Fr. D’Souza spoke with CNA ahead of the seminar, which was held Sept. 22 at St. Peter's parish in the Bandra neighborhood of Mumbai.
“We thought of training priests and our community of lay people,” he explained, “leading them to an awareness and a cognitive revival of Christian art in India.”
The seminar, which featured a talk by Swati Chandgadkar, an Indian expert on the restoration of stained glass, highlighted the Catholic Church's role in being a patron of art and the historical and cultural patrimony of mankind.
Stained glass was brought to India by Portuguese missionaries, and Chandgadkar is involved in restoring the windows of one missionary parish, Our Lady of Glory, in Mumbai's Byculla neighborhood.
Fr. D'Souza said that it is currently of paramount pastoral importance to protect the historical Catholic parishes, monumental churches which today are “bafflingly exchanged” for churches with cheap, shiny fiber or glass-colored art, which are chosen for their brightness and economical value.

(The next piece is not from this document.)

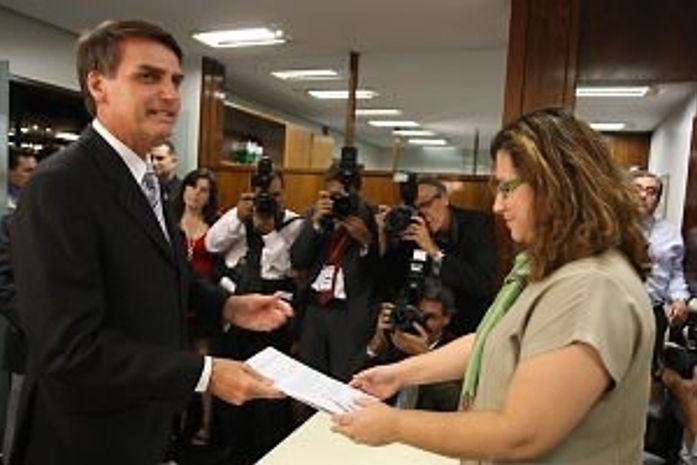 Bolsonaro se defende na Corregedoria e diz que homossexual não é santo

This exchange, he said, is a “threat to sacred art” and is “destroying our cultural patrimony and heritage.”
The seminar, he said, was to make “our priests and laity aware of the importance of stained glass art,” because although “there are many Indo-Portuguese churches, we lack experts in this field in India.”It is hoped that the seminar will help to reverse a trend of renovating parishes without regard for the heritage, historical value, and beauty of the original structure and art.
In 2011, Cardinal Oswald Gracias, Archbishop of Bombay, opened a Museum of Christian Art, containing artifacts from the Christian history of the area, dating back to the first century. Fr. D'Souza related that Cardinal Paul Poupard, president emeritus of the Pontifical Councils for Interreligious Dialogue and for Culture, had visited the museum and was impressed by the history of the Church in India.

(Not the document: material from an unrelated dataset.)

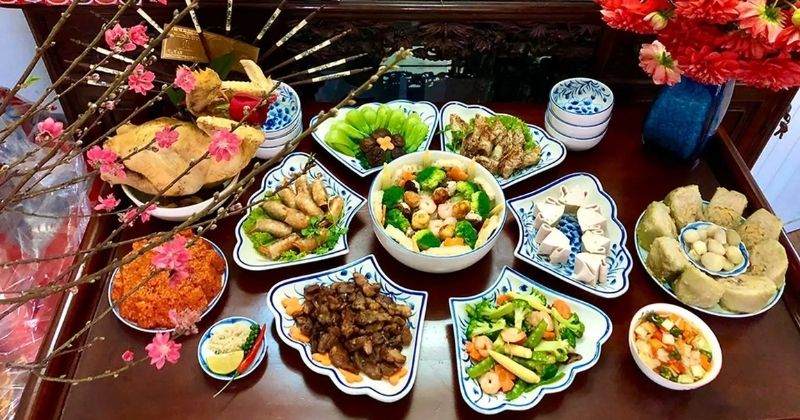 Chuẩn bị mâm lễ vật cúng gia tiên ngày thường và ngày mùng 1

Cardinal Gracias' decision to open the museum was inspired in part by a 1997 message of Blessed John Paul II, who said that “from archeological sites to the most modern expressions of Christian art, contemporary man must be able to re-read the Church's history, and thus be helped to recognize the mysterious fascination of God's saving plan.”
The late Roman Pontiff had himself established a group in 1989 to help make both clergy and laity more aware of the importance and the necessity of preserving the Church’s vast historic resources, entitled the Commission for the Preservation of the Artistic and Historical Patrimony of the Church.